Peptide aptamers: tools to negatively or positively modulate HSPB1(27) function.

Human HSP27 (HSPB1) is a molecular chaperone sensor which, through dynamic changes in its phosphorylation and oligomerization, allows cells to adapt to changes in their physiology and/or mount a protective response to injuries. In pathological conditions, the high level of HSPB1 expression can either be beneficial, such as in diseases characterized by cellular degenerations, or be malignant in cancer cells where it promotes tumourigenesis, metastasis and anti-cancer drug resistance. Structural changes allow HSPB1 to interact with specific client protein partners in order to modulate their folding/activity and/or half-life. Therefore, the search is open for therapeutic compounds aimed at either down- or upregulating HSPB1 activity. In this respect, we have previously described two peptide aptamers (PA11 and PA50) that specifically interact with HSPB1 small oligomers and decrease its anti-apoptotic and tumourigenic activities. A novel analysis of the different HSPB1-interacting aptamers that were isolated earlier revealed that one aptamer (PA23) has the intriguing ability to stimulate the protective activity of HSPB1. We show here that this aptamer abolishes the dominant negative effect induced by the R120G mutant of αB-crystallin (HSPB5) by disrupting its interaction with HSPB1. Hence, developing structure-based interfering strategies could lead to the discovery of HSPB1-based therapeutic drugs.

Analysis of the dominant effects mediated by wild type or R120G mutant of αB-crystallin (HspB5) towards Hsp27 (HspB1).
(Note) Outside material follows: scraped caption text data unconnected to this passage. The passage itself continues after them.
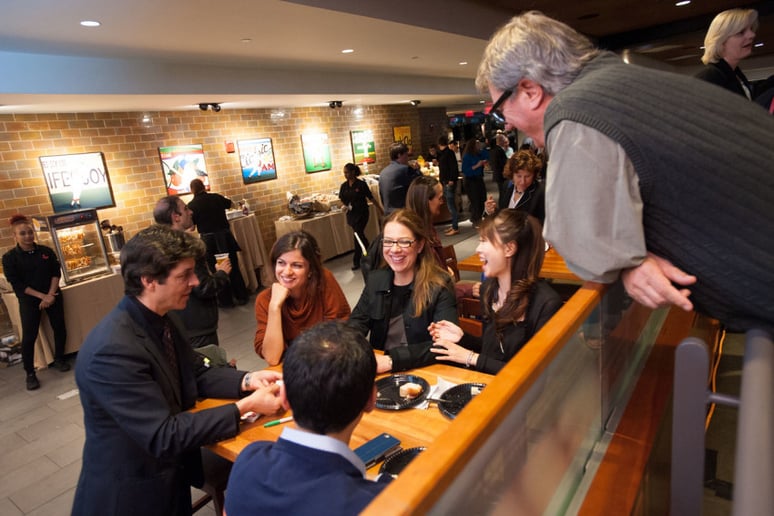 Gallery photo 10 of George Saterial-Comedy Magic & Mentalism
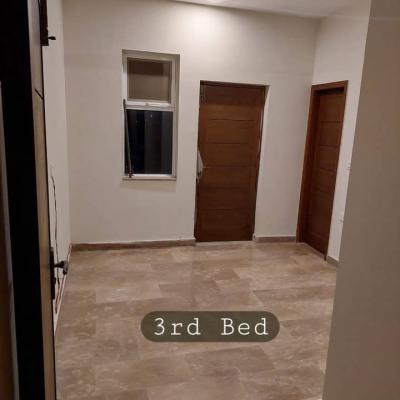 Prime Location 3 bedroom With Attached Bath 1 Kanal Upper Portion For Rent DHA Lahore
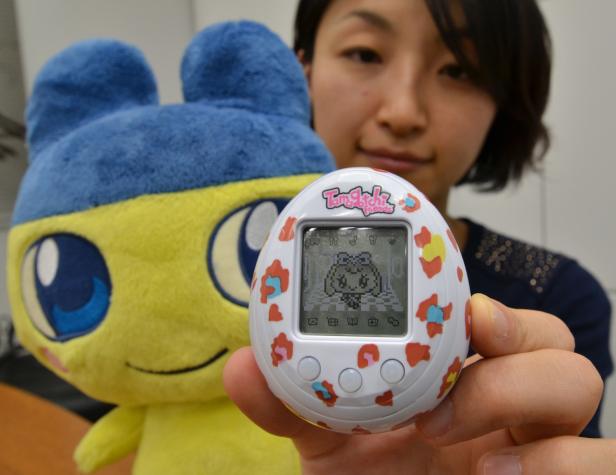 FILES-JAPAN-GAME-TOY-TAMAGOTCHI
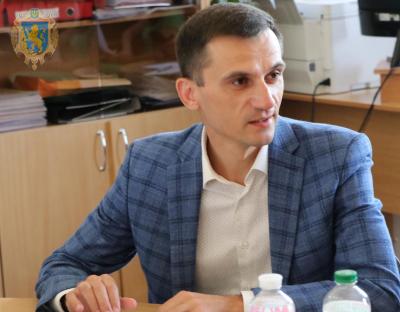 «Програма розвитку освіти фінансується і виконується згідно з місячними призначеннями», - Іван Собко  на профільній комісії облради 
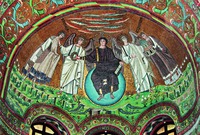 Христос Еммануил с предстоящими мч. Виталием и еп. Еклезием. Мозаика в конхе алтарной апсиды. Нач. 40-х гг. VI в. Фото: И. А. Орецкая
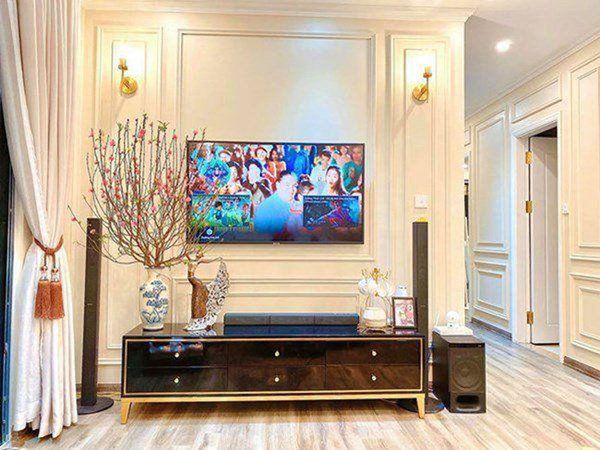 Tình cũ của Mạc Hồng Quân khoe ảnh hiếm bên con, căn nhà bạc tỷ minh chứng sự khéo léo, độc lập nuôi dạy con khi làm mẹ đơn thân-7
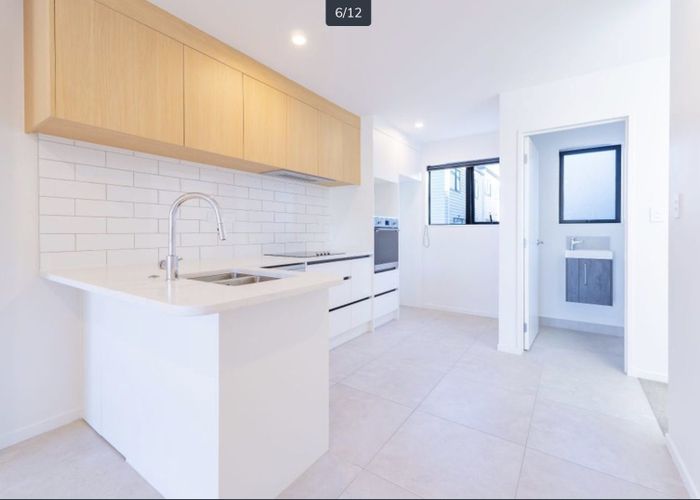  at 1/82 Rosewarne, Glendene, Waitakere City, Auckland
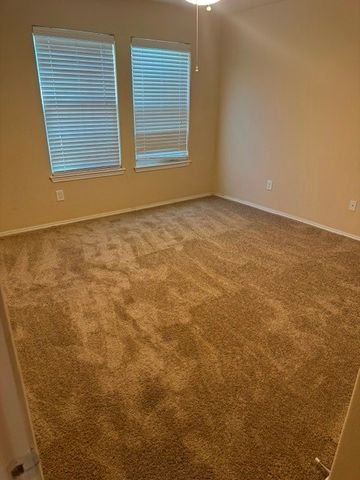 412 Marble Creek Drive, Fort Worth, TX 76131
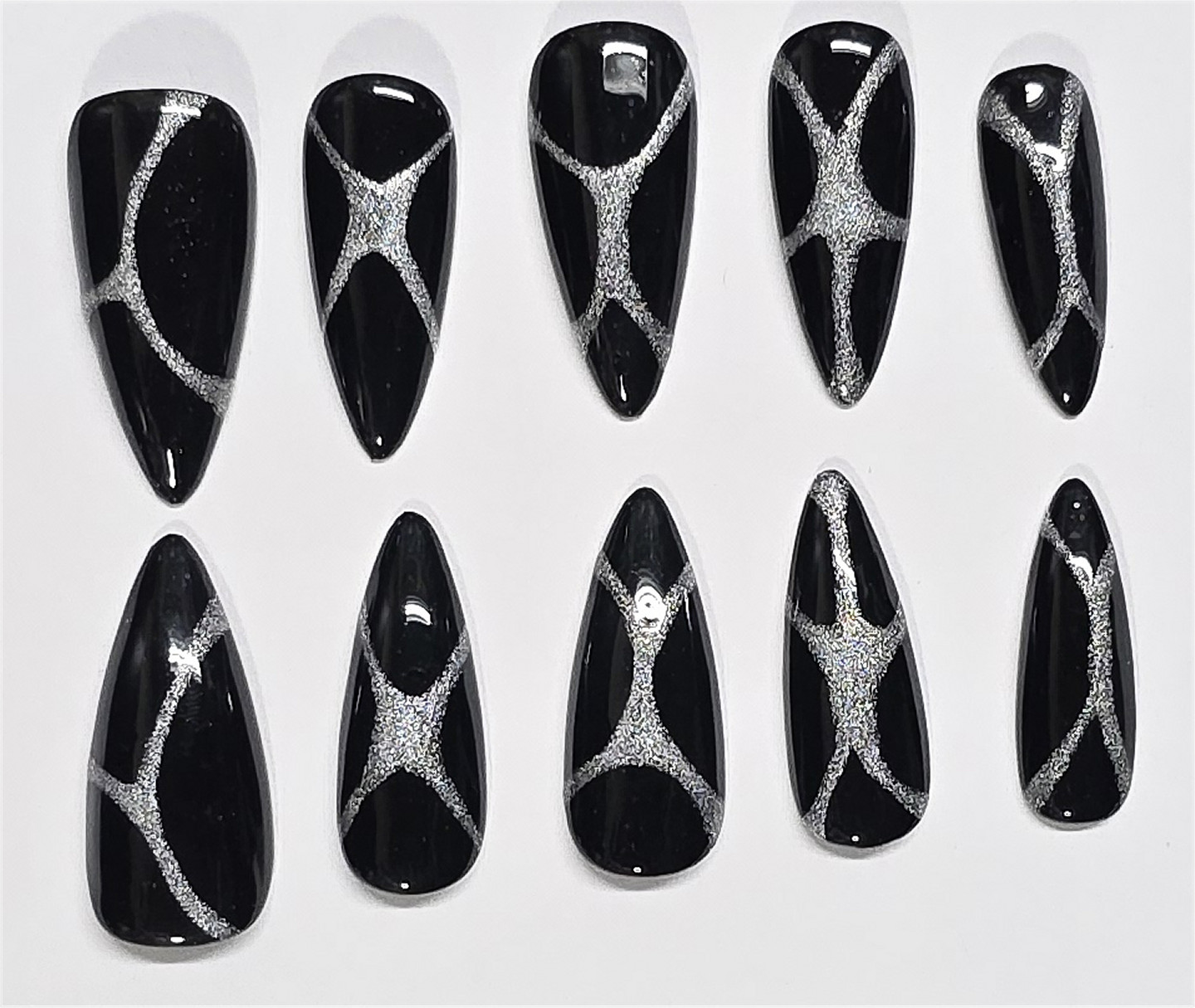 Press On Nails Almond Shape Glue On Fancy 3D Heart Rhinestone Black Fancy + Kit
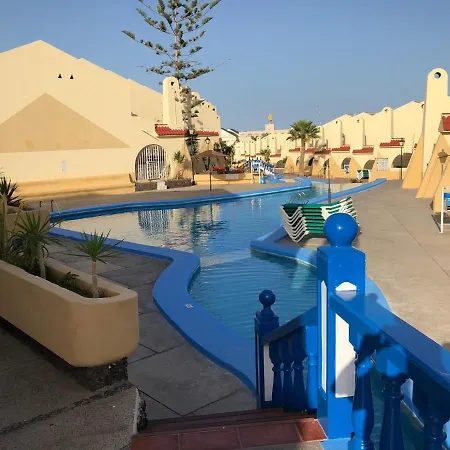 Cozy Pool View H-11 Mareverde *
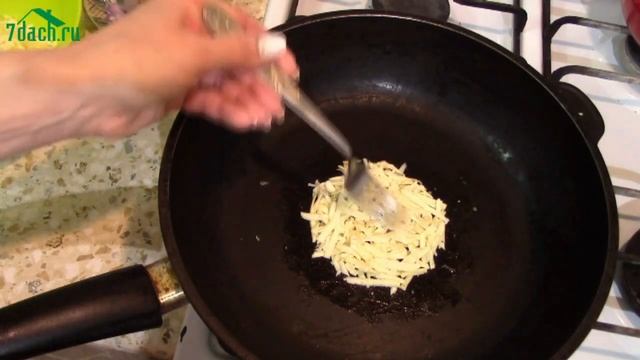 Салат Черная жемчужина в сырных корзиночках. Настоящее украшение праздничного стола -7 дач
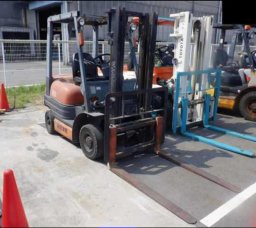 Used Toyota FORKLIFT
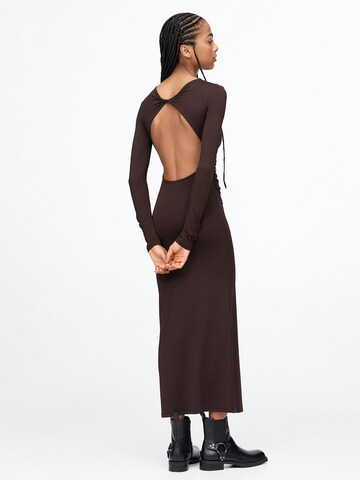 Robe Pull&Bear en marron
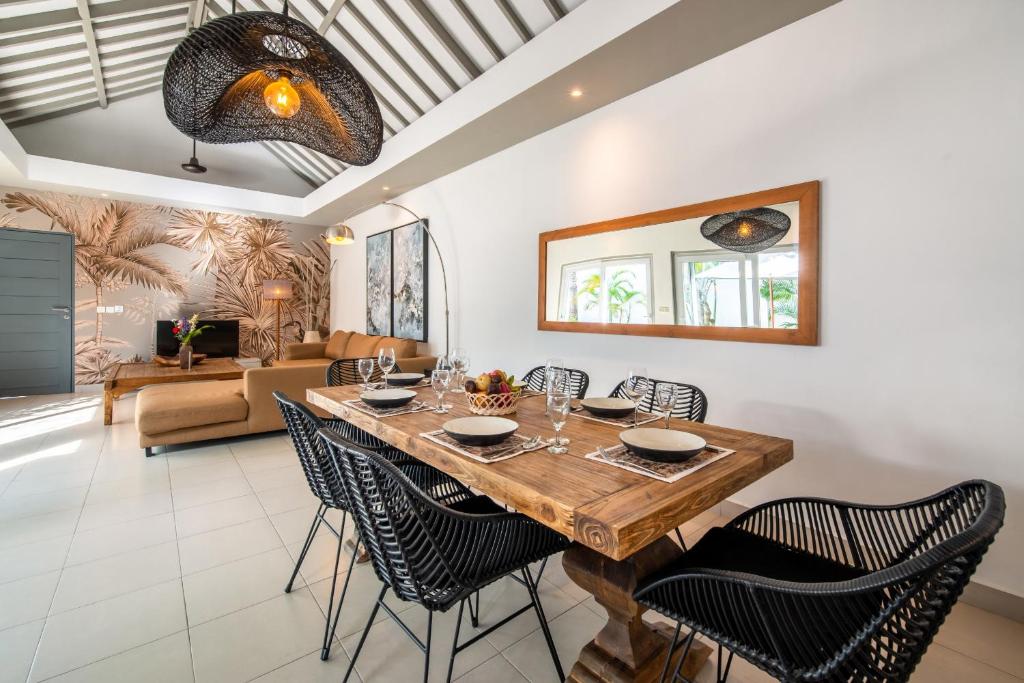 Splendid Private Villa, 2 BR, Canggu With Staff - Tap to explore photos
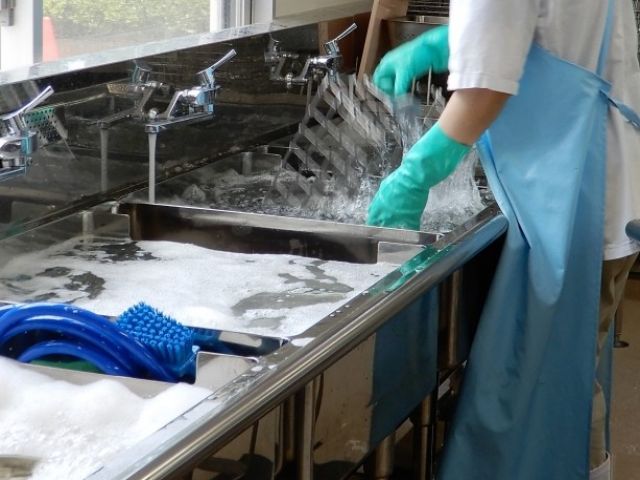 洗い場でのお仕事です！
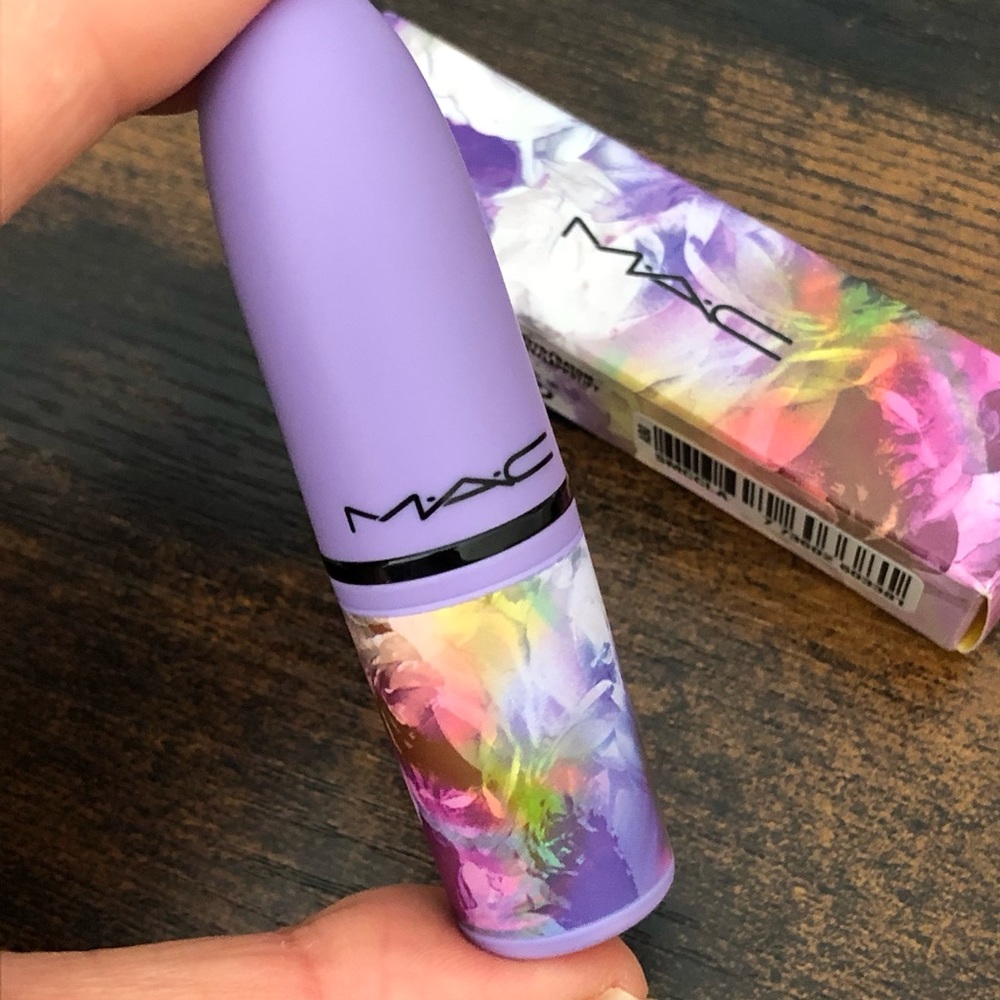 MAC matte lipstick - Full size Limited Edition - Picture 2 of 7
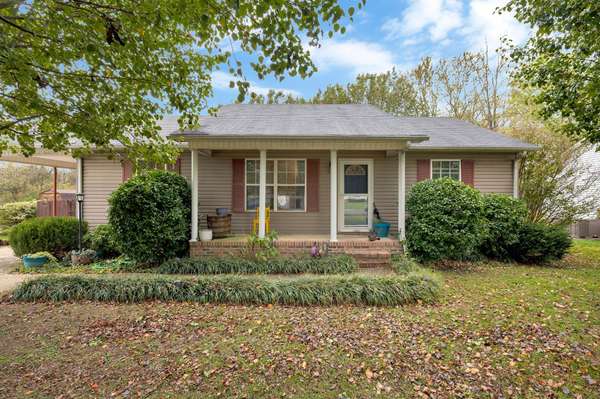 208 Canova Dr, Shelbyville, TN 37160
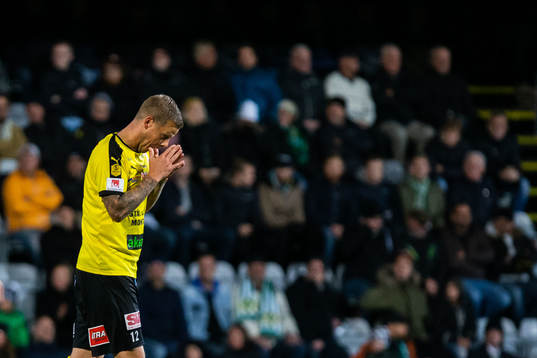 Mjällbys David Löfquist deppar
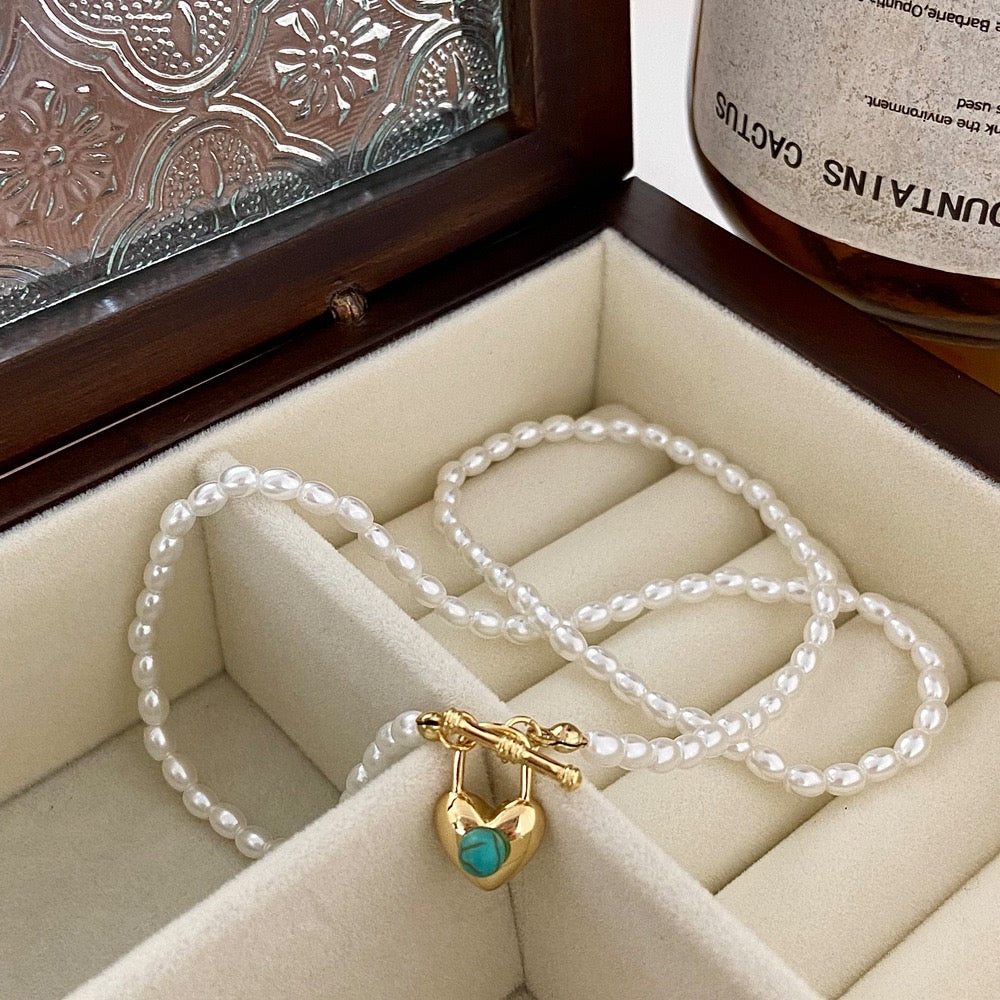 Blue heart lock Pearl necklace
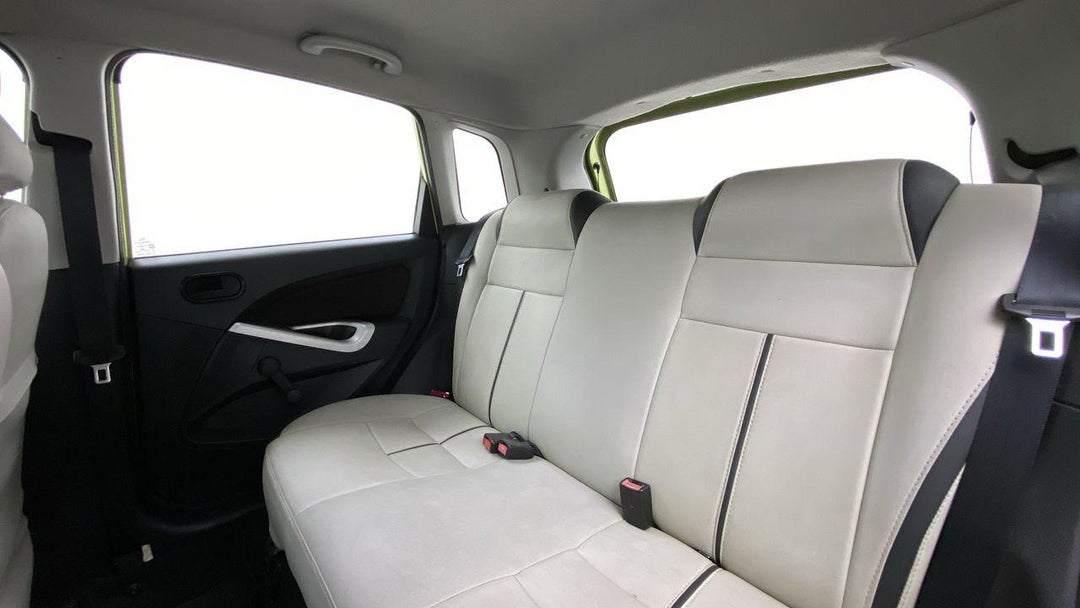 RIGHT SIDE REAR DOOR CABIN VIEW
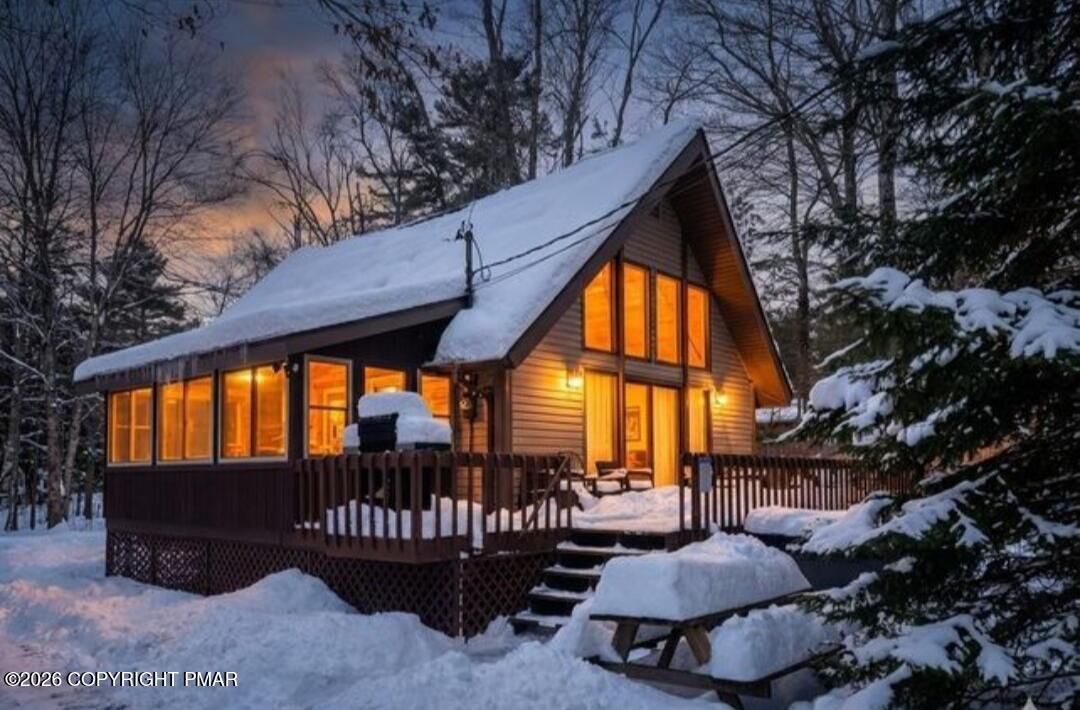 Property Photo: 102 King Arthur Road PA 18347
Several human small heat shock proteins (sHsps) are phosphorylated oligomeric chaperones that enhance stress resistance. They are characterized by their ability to interact and form polydispersed hetero-oligomeric complexes. We have analyzed the cellular consequences of the stable expression of either wild type HspB5 or its cataracts and myopathies inducing R120G mutant in growing and oxidative stress treated HeLa cells that originally express only HspB1. Here, we describe that wild type and mutant HspB5 induce drastic and opposite effects on cell morphology and oxidative stress resistance. The cellular distribution and phosphorylation of these polypeptides as well as the oligomerization profile of the resulting hetero-oligomeric complexes formed by HspB1 with the two types of exogenous polypeptides revealed the dominant effects induced by HspB5 polypeptides towards HspB1. The R120G mutation enhanced the native size and salt resistance of HspB1-HspB5 complex. However, in oxidative conditions the interaction between HspB1 and mutant HspB5 was drastically modified resulting in the aggregation of both partners. The mutation also induced the redistribution of HspB1 phosphorylated at serine 15, originally observed at the level of the small oligomers that do not interact with wild type HspB5, to the large oligomeric complex formed with mutant HspB5. This phosphorylation stabilized the interaction of HspB1 with mutant HspB5. A dominant negative effect towards HspB1 appears therefore as an important event in the cellular sensitivity to oxidative stress mediated by mutated HspB5 expression. These observations provide novel data that describe how a mutated sHsp can alter the protective activity of another member of this family of chaperones.